What’s a grassroots US Jew to do?  Make a New Year’s Resolution – “I will stand unapologetically for our people and its homeland of Israel – Jerusalem, Judea-Samaria and All – in 2024 and beyond.”

From ancient times through today, homeland Jewish history happened.  Archeological evidence of ancient Israel abounds, but to cite just one key piece written in stone, our Temple Mount is still there.  And there’s sound reason why there were slightly more Arabs than Jews there in 1948.  Here goes:

Temple Mount

As for “East” Jerusalem Being “Palestinian,” as in UNSC 2334, and the whole Temple Mount being a “mosque,” as my hometown Inq despicably put it (5/24/21), our Temple Mount is still there.

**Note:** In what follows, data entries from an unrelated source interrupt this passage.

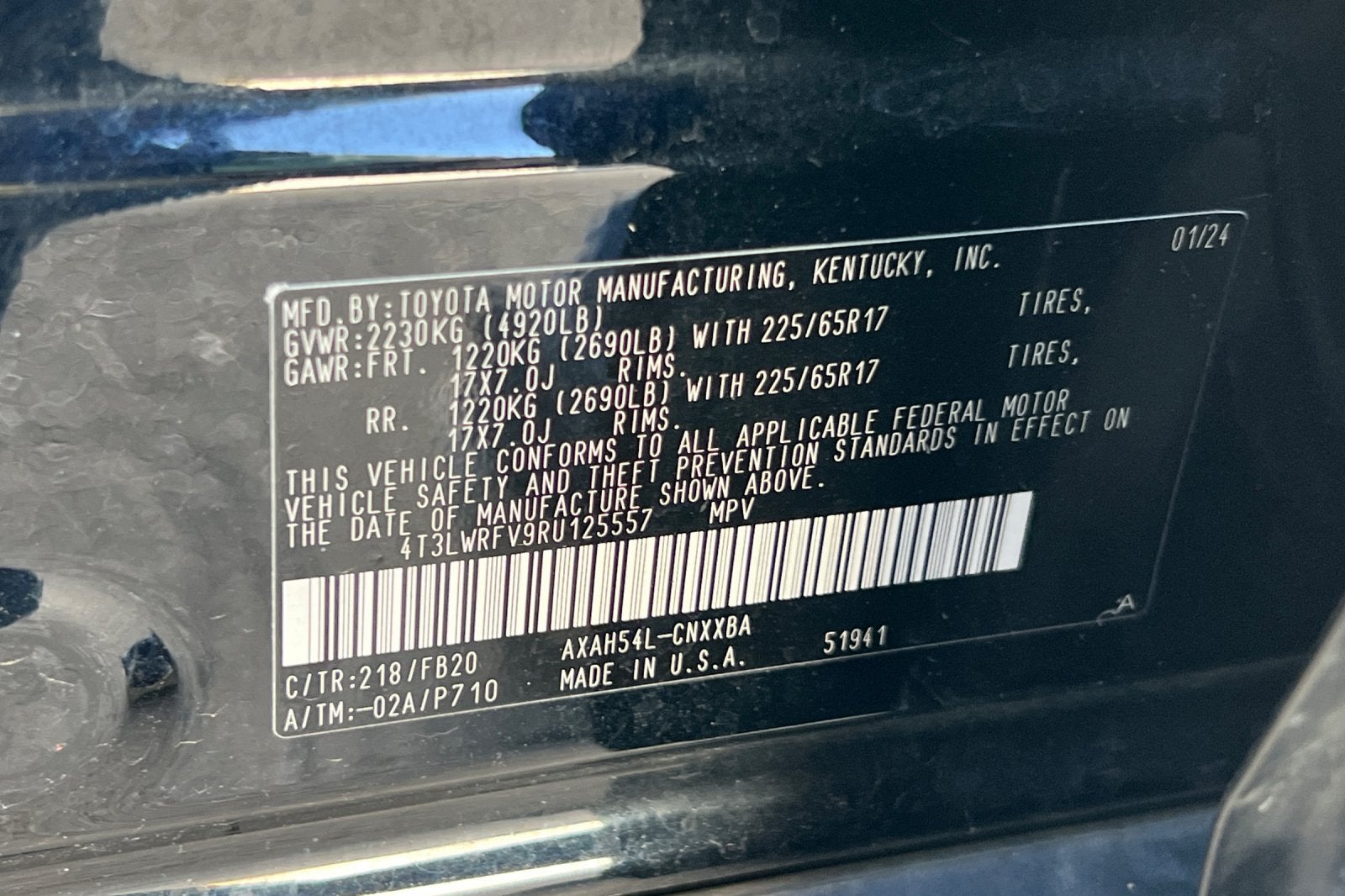2024 Toyota RAV4 Hybrid LE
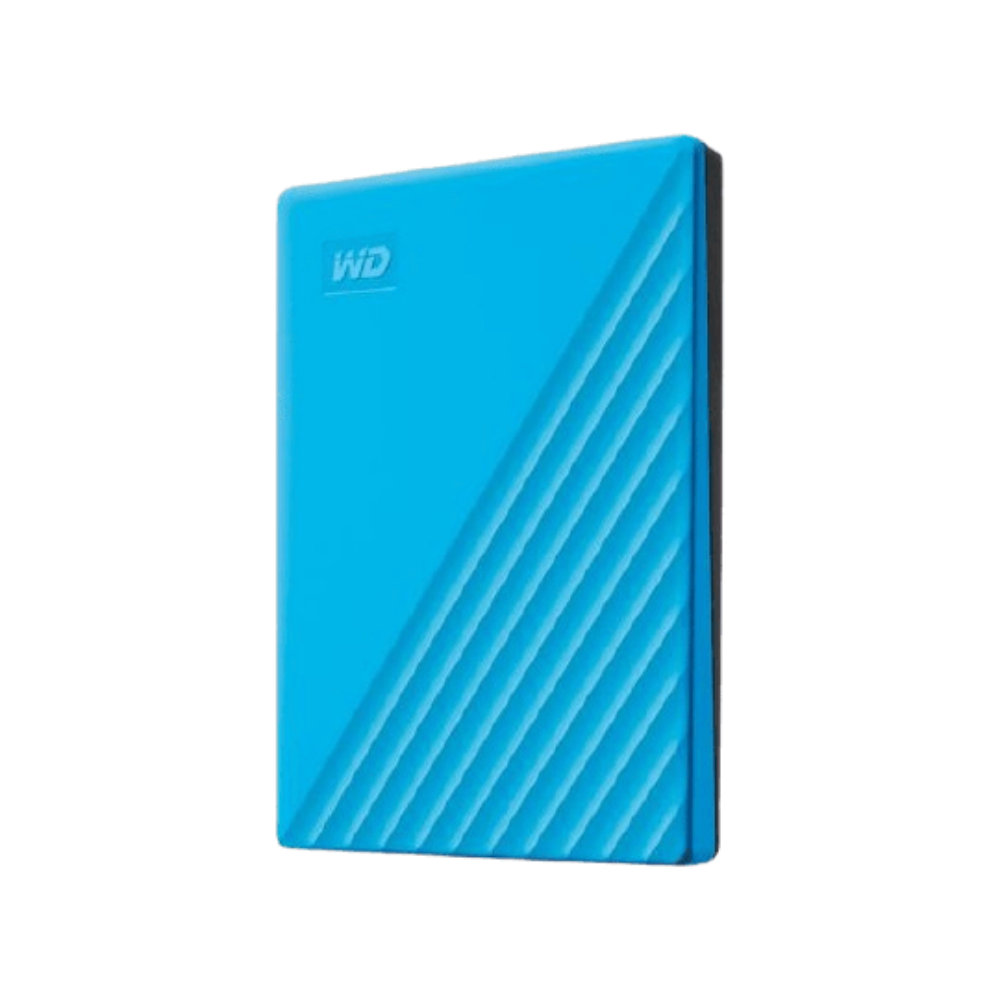 כונן Western Digital WDBYVG0020BBL 2TB MY PASSPORT כחול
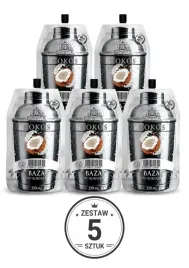 5x-koncentrat-coconut-cream-kokos-250ml-syrop-barmanski-zestaw-drink-wesele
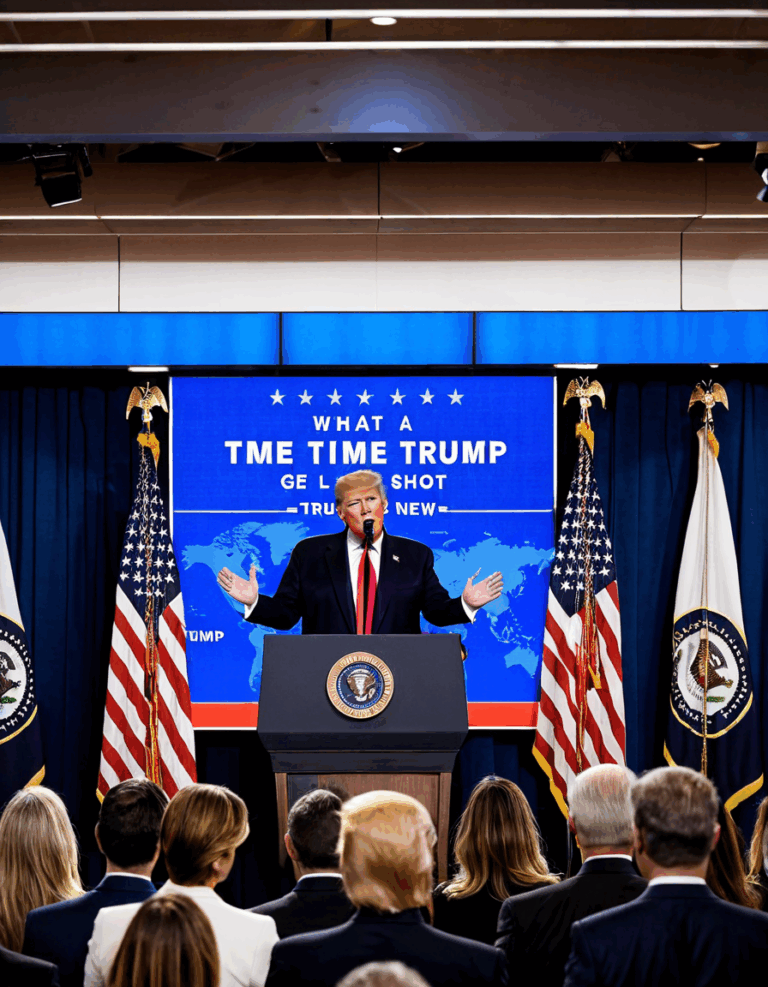 what time did trump get shot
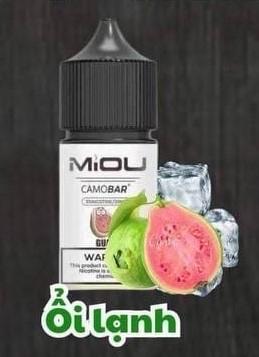 MIOU 50NI - Ổi-duoc-ban-tai-KINGZ SMOKE POD SHOP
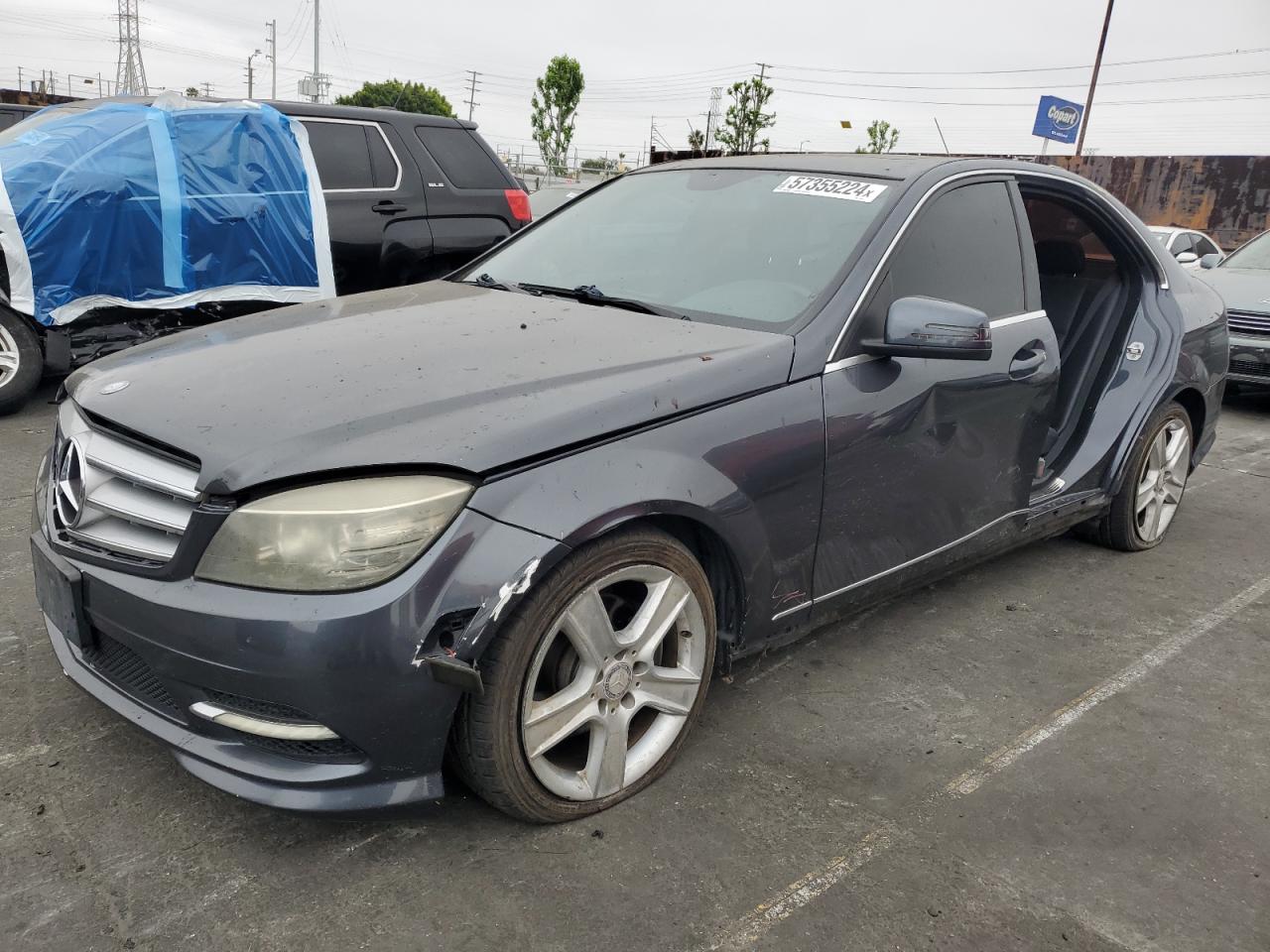 2011 MERCEDES-BENZ C 300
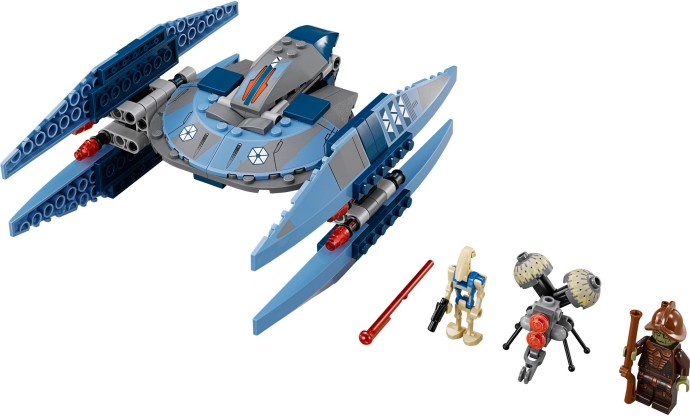 Конструктор LEGO (ЛЕГО) Star Wars 75041 Vulture Droid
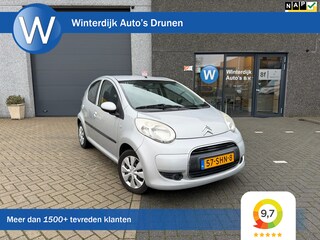 Citroën C1 1.0-12V Selection Airco, 5Deurs, Goed Onderhouden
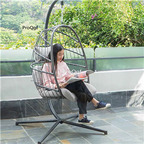 199usd Ngryise 1 Set 95*95*196cm minshuku swing chair ins style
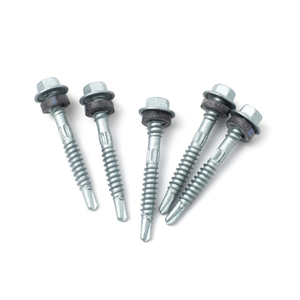 Stainless Self Drilling Screw High Quality Full Thread Furniture Screws Steel <b>Fasten</b> Ready for Export Vietnam Manufacturer - Product Image 5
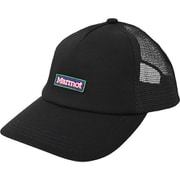 マーモットクラシックメッシュキャップ キャップ ブラック(C001) MTSS25UHG223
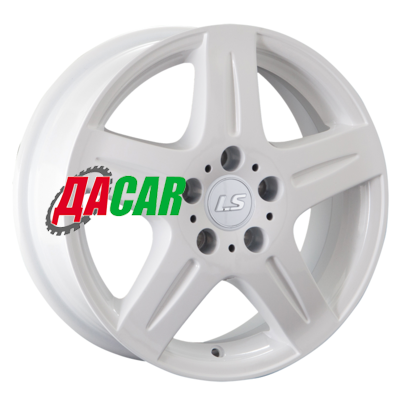 LS 1027 6,5x16/5x112 ET40 D66,6 White (конус, C645)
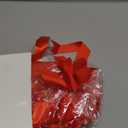 Janinka 24 Pcs Red Bow Christmas Tree Decoration Satin Ribbon Bow 6 x 12 inch Vintage Christmas Ornaments for Wreath Tree Topper Ornament Coquette Staircase Fireplace Garland Home Xmas Holiday Decor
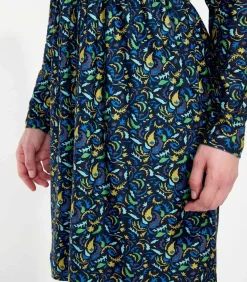 Vloeiende jurk KANEI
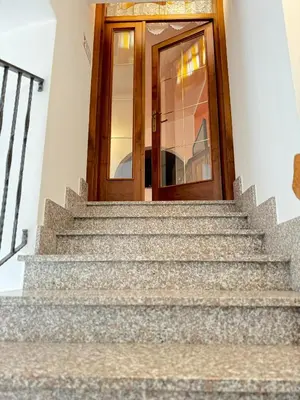 Planimetria di Casa Rosa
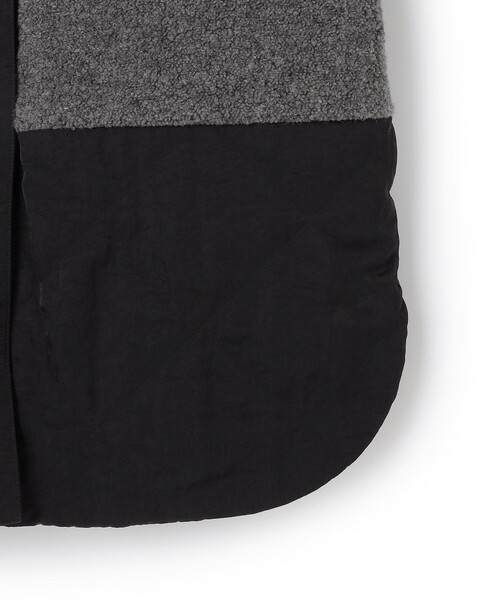 セール】リバーシブルキルト ミドル丈コート（その他アウター）｜ICB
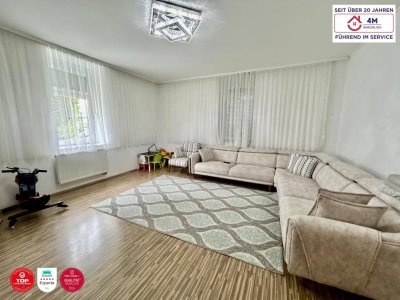 Traumhafte 4-Zimmer-Wohnung mit Garten! und Top-Lage in Bad Vöslau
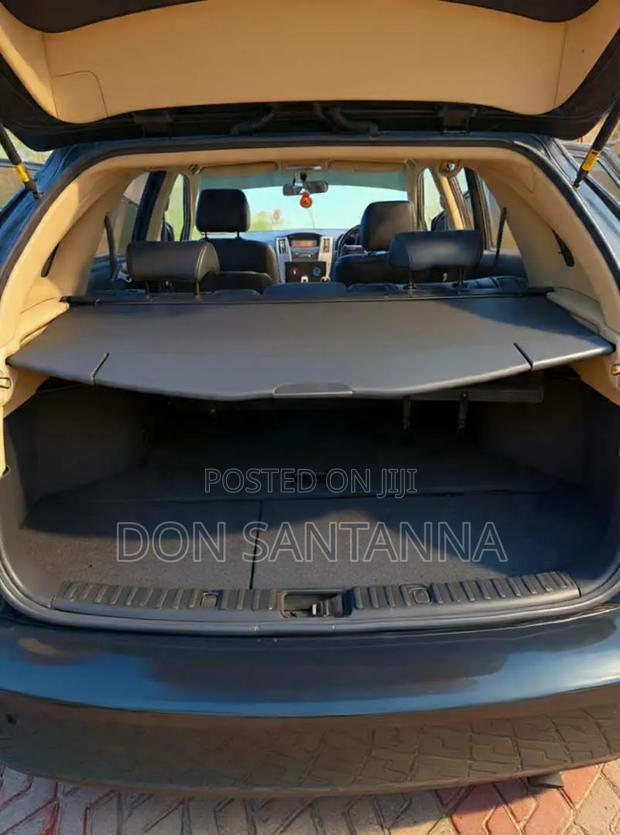 Toyota Harrier 2005 Black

I’m tired of reading printed statements by pro-Israel Jews that the Western Wall is “the sole surviving remnant” of the Jews’ Temple Mount.  There’s more.  Read Ritmeyer’s book Secrets of Jerusalem’s Temple Mount (or, if you’re up for it, his full version, The Quest: Revealing the Temple Mount in Jerusalem.)  The Western Wall is a small segment of Herod’s Mount’s still-standing western retaining wall.  In addition to the seven Herodian courses today above ground, nineteen more reach below ground (you can get a glimpse), and the wall extends to the south to Robinson’s arch and far to the north beyond Wilson’s arch and Warren’s gate.  And there are extant exterior and interior remains including of the Double and Triple Gates in the south, and pre-Herodian (Hasmonean and even First Temple-time) standing remains in the eastern wall.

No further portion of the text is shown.